Single by Die Ärzte

from the album Das ist nicht die ganze Wahrheit...
- Released: 8 April 1988
- Genre: Punk rock
- Length: 3:40/9:54
- Label: CBS Schallplatten
- Songwriter(s): Farin Urlaub
- Producer(s): Uwe Hoffmann & Die Ärzte

Die Ärzte singles chronology
| "Ich ess' Blumen" (1988) | "Westerland" (1988) | "Der Ritt auf dem Schmetterling (Instrumental)" (1988) |

"Westerland (Kommerzmix)"

= Westerland (song) =

"Westerland" is a punk song by German band Die Ärzte. It was the fifth track and the second single from their 1988 album Das ist nicht die ganze Wahrheit.... It is an ironic ode to the city of Westerland. It was also released on Die Ärzte's first maxi single, which had the same cover as the single but tracks different from the maxi LP. "Westerland (Kommerzmix)" was later put on "Das Beste von kurz nach früher bis jetze".

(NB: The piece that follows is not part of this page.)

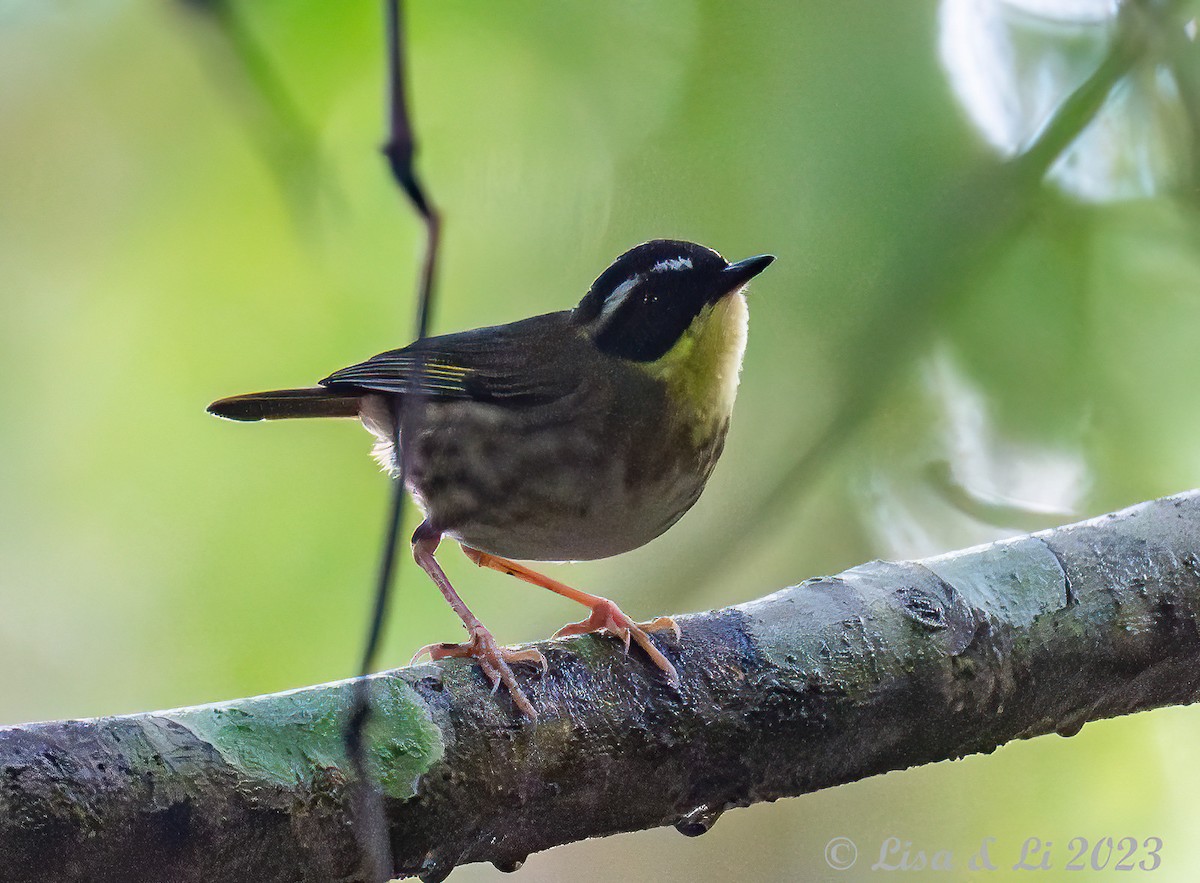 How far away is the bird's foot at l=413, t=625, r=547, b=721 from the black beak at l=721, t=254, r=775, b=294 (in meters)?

The song has been covered by Die Toten Hosen in a concert.

==Personnel==
- Farin Urlaub - vocals, guitar, bass
- Bela B. - drums, keyboards

== Track listing ==
1. "Westerland" - 3:40
2. "Westerland (Live-Version)" - 3:07

=== Maxi ===
1. "Westerland (Kommerzmix)" - 9:54
2. "Westerland (Live-Version)" - 3:07
3. "Westerland (Extended Ganja)" - 4:47

=== Maxi-CD ===
1. "Westerland" (Urlaub) - 3:40
2. "Westerland (Live-Version)" (Urlaub) - 3:07
3. "♀" (Urlaub) - 1:47

== B-sides ==
"♀" was also taken from "Das ist nicht die ganze Wahrheit...".

==Charts==

Chart performance for "Westerland"
| Chart (1988) | Peak position |
|---|---|
| Germany (GfK) | 34 |

==Certifications==

| Region | Certification | Certified units/sales |
| Germany (BVMI) | Gold | 250,000^{‡} |
^{‡} Sales+streaming figures based on certification alone.